In the records below, the lines between the one holding "Floral Embroidered Denim Overalls" and the one holding "Formal One-Pieces for", inclusive, are to be transcribed exactly; no pictures are to be included.

▶ **Data supplied**
# # # # #
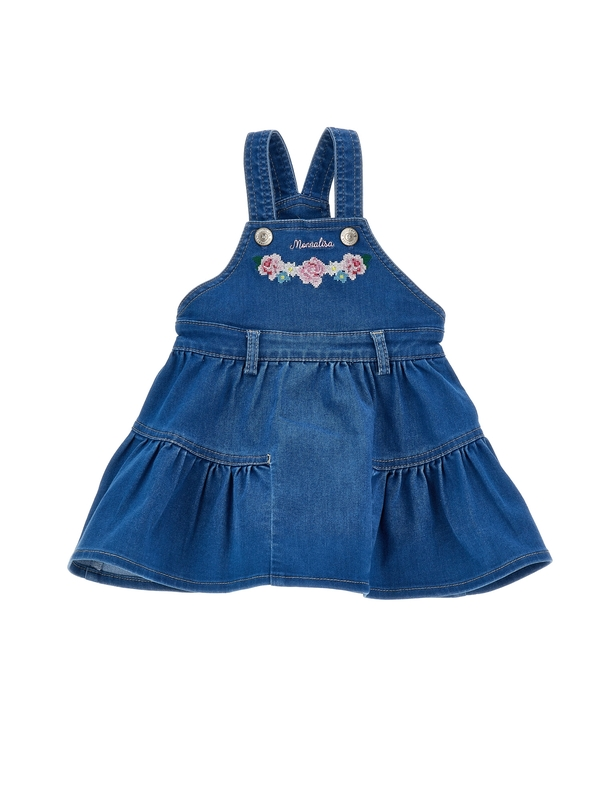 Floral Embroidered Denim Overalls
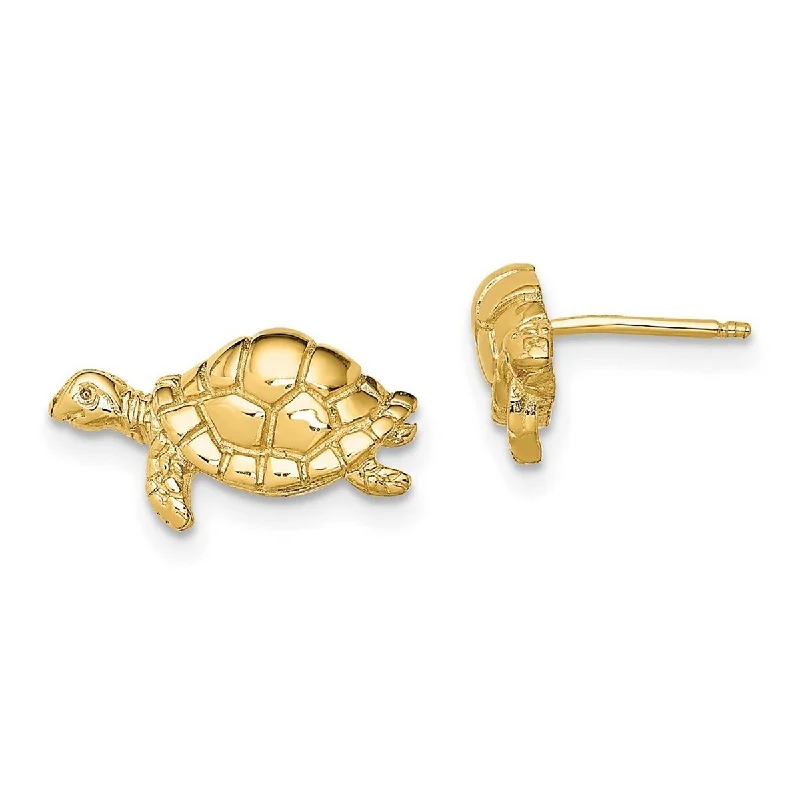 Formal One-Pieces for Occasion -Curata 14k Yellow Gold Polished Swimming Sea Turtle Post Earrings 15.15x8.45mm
# # # # #
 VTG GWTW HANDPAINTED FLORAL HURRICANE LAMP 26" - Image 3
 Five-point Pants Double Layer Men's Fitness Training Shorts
# # # # #
▶ **Exercise result**
 Floral Embroidered Denim Overalls
 Formal One-Pieces for Occasion -Curata 14k Yellow Gold Polished Swimming Sea Turtle Post Earrings 15.15x8.45mm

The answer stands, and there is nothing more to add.